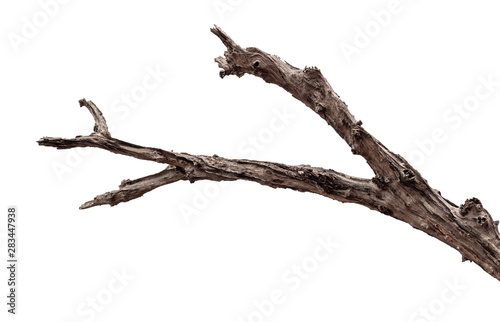 Fotografia tree death or branch die on white background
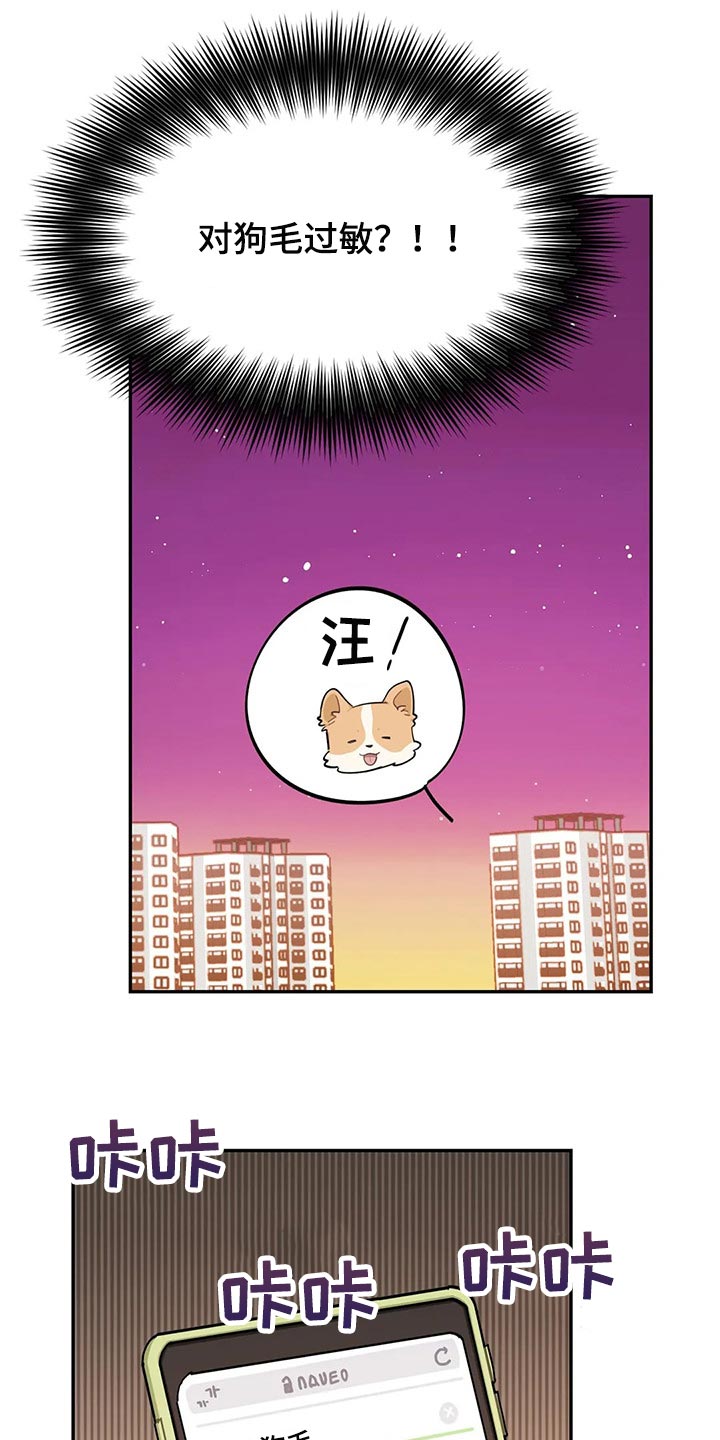 第51章：狗毛过敏5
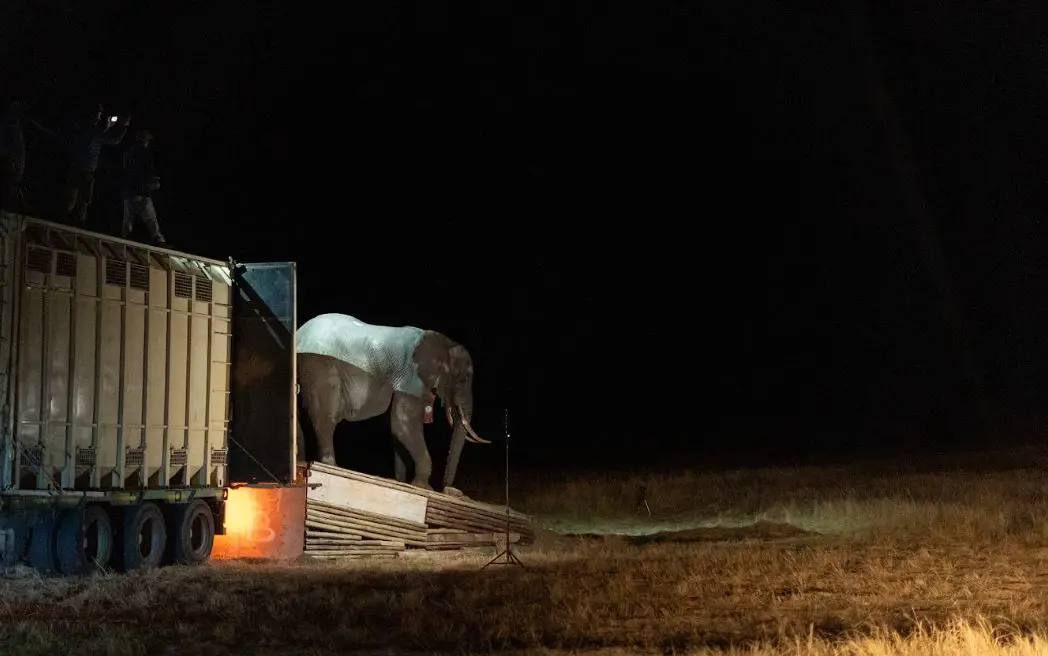 One of 16 elephants released into Babanango Game Reserve, in a bid to reintroduce the mega herbivores to the region. Picture: Kirsty Baker/Love Africa Marketing/Supplied One of 16 elephants released into Babanango Game Reserve, in a bid to reintroduce the mega herbivores to the region. Picture: Kirsty Baker/Love Africa Marketing/Supplied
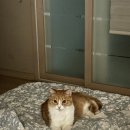 피자나라 치킨공주(대곡유천점)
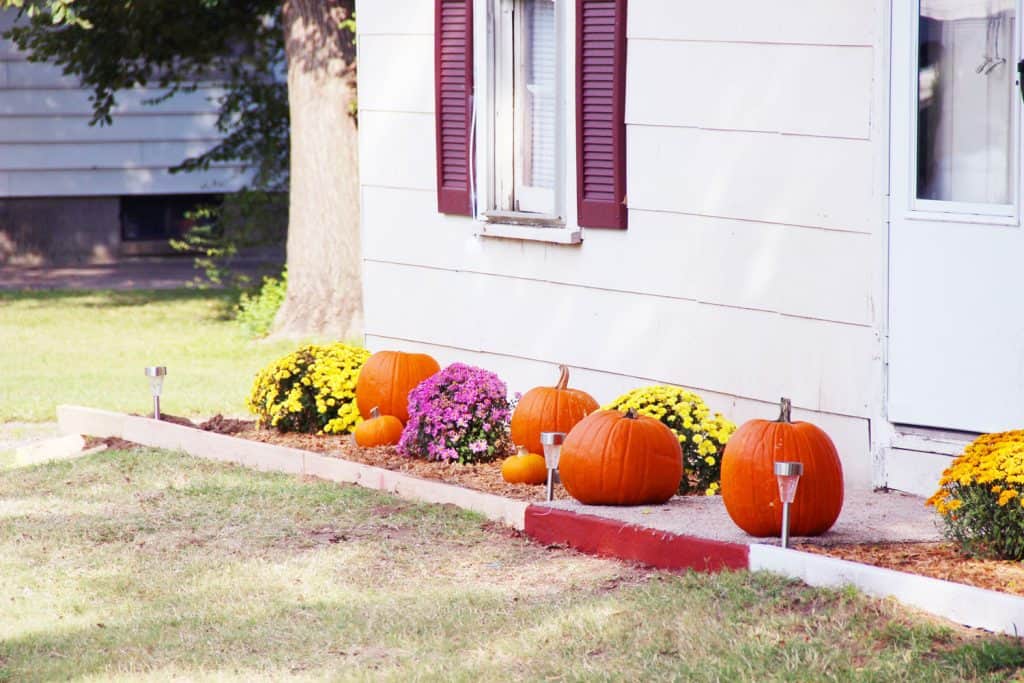 Pumpkins and different colors of mums on the side of the house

· · ·

• [WHAT YOU NEED TO DO]:
All of the material should be written out again exactly, apart from the pictures.

• [ANSWER SECTION]:
 Fotografia tree death or branch die on white background
 第51章：狗毛过敏5
 One of 16 elephants released into Babanango Game Reserve, in a bid to reintroduce the mega herbivores to the region. Picture: Kirsty Baker/Love Africa Marketing/Supplied One of 16 elephants released into Babanango Game Reserve, in a bid to reintroduce the mega herbivores to the region. Picture: Kirsty Baker/Love Africa Marketing/Supplied
 피자나라 치킨공주(대곡유천점)
 Pumpkins and different colors of mums on the side of the house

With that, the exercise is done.